Unsupervised neural networks cluster data into groups, the members of which resemble one another. Unsupervised learning is thus much faster than supervised learning. With numerical inputs and outputs supplied by an expert or a physical process or even an algorithm, an unsupervised neural network can find the first set of rules for a fuzzy system. The quality of the rules depends on the quality of the data and therefore on the skills of the expert who generates the data. Because unsupervised networks are best used to create rules and supervised networks are better at refining them, hybrid adaptive fuzzy systems include both.

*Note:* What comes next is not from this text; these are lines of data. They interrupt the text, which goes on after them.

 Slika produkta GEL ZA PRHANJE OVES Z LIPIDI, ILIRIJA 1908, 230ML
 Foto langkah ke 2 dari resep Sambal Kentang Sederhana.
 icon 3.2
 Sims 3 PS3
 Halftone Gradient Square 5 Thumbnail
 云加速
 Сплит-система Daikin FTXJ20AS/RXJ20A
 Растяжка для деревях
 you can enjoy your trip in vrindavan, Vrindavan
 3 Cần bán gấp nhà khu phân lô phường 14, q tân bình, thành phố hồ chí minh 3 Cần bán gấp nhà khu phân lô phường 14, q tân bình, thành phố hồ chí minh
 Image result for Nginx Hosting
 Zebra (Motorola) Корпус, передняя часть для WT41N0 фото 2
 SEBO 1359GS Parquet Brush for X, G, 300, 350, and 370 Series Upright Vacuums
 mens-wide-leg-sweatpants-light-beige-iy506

So far the use of Fuzzy Logic is mainly for engineering and closed physical systems such as the consumer appliances. It would be very challenging but of great benefit if Fuzzy Logic could be used for classification, forecasting and general pattern recognition in economics and financial markets. The basis of this would be: an initial unsupervised clustering algorithm to generate the fuzzy sets. [2] a module that then continuously refines the fuzzy rules based on the learning from data that is generated by the user. [3] the System then becomes adaptive and is always relevant.